*** Available data Section Begins ***
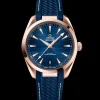41 mm, Sedna™ gold on rubber strap^OMEGA Outlet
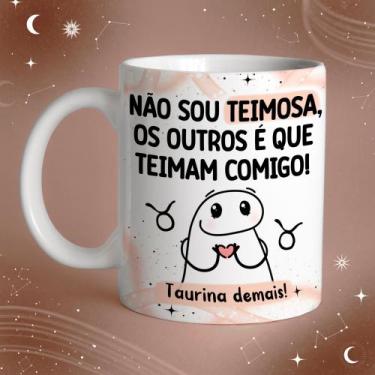 Imagem de Caneca Porcelana Flork Signos 2.0 versão 1 taurina  325 ml - Jaques Pe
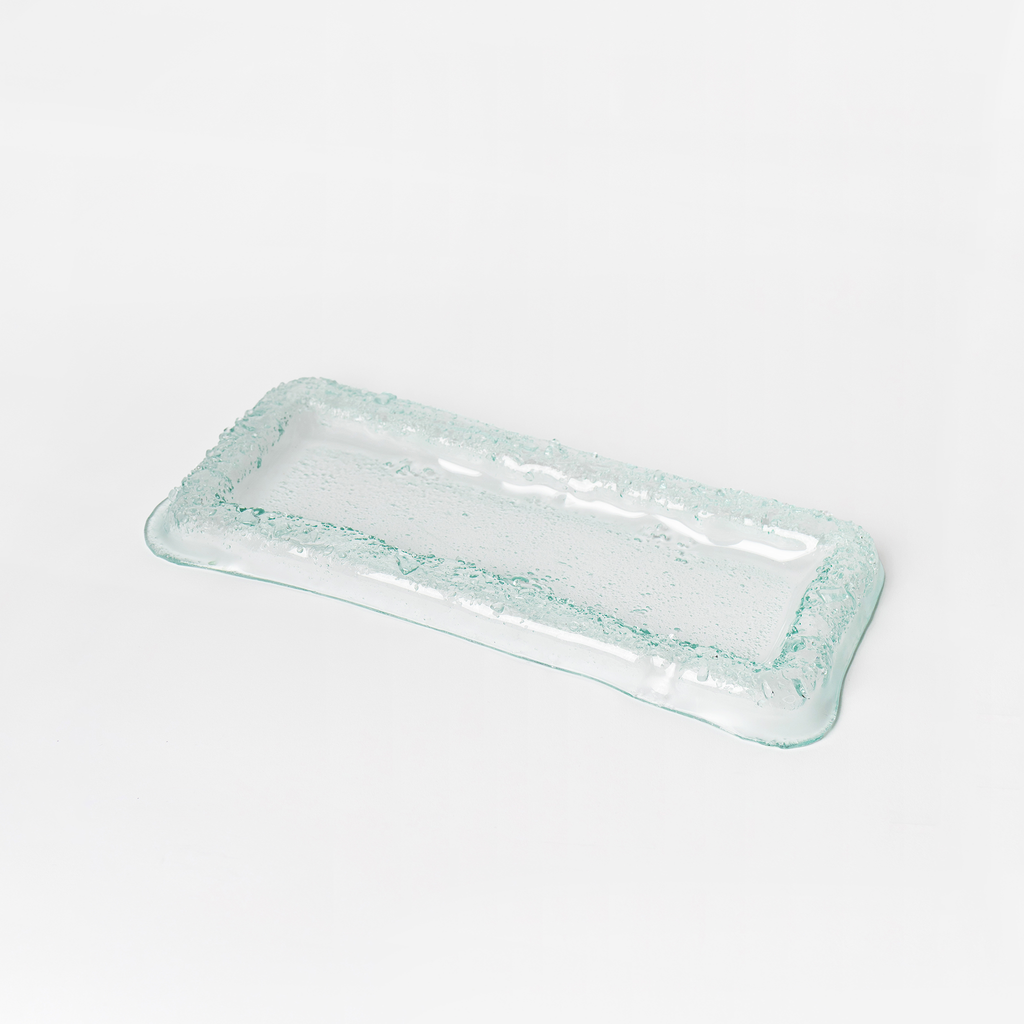 Linea serving plate -Clear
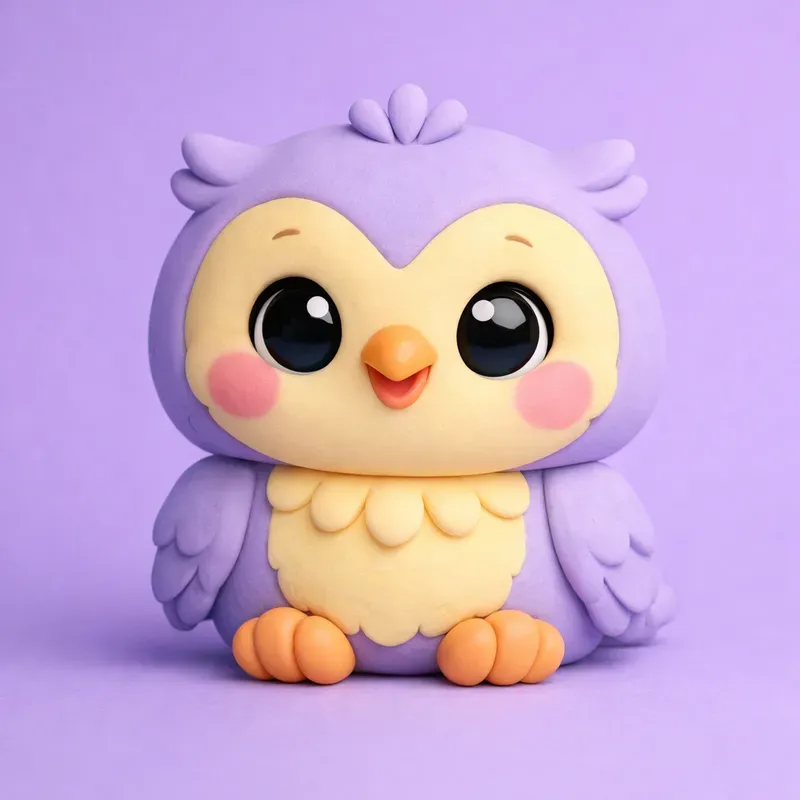Cute 3D Pastel Claymation Animal Characters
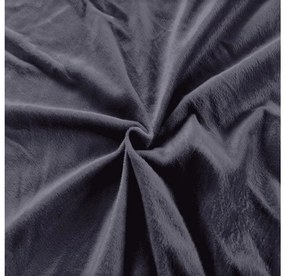 Cearsaf mikroplys SOFT 180x200 cm gri antracit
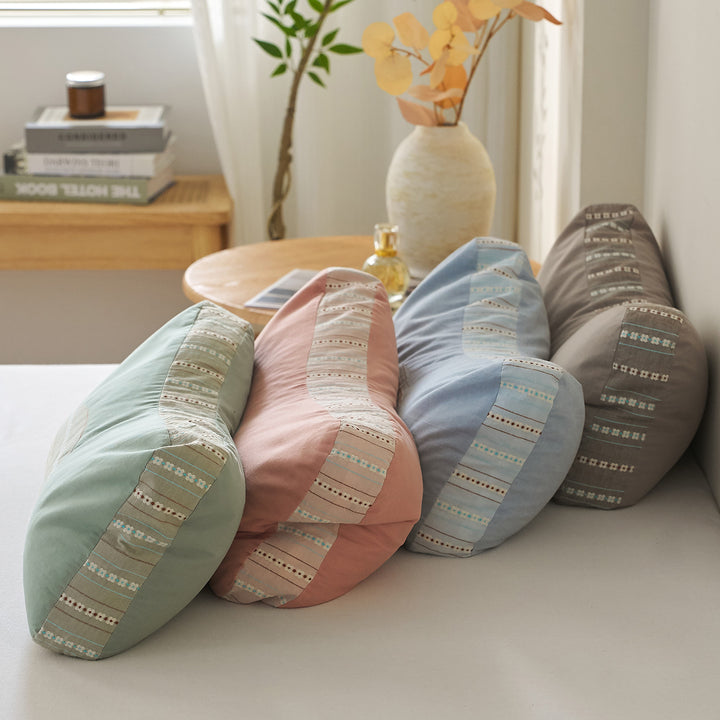 Ergonomic Sleep Pillow with Fine Pattern Structure Stornfield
*** Available data Section Ends ***
### Directions
Please transcribe each entry exactly and exclude any image it contains.

### Expected output
41 mm, Sedna™ gold on rubber strap^OMEGA Outlet
 Imagem de Caneca Porcelana Flork Signos 2.0 versão 1 taurina  325 ml - Jaques Pe
 Linea serving plate -Clear
Cute 3D Pastel Claymation Animal Characters
 Cearsaf mikroplys SOFT 180x200 cm gri antracit
 Ergonomic Sleep Pillow with Fine Pattern Structure Stornfield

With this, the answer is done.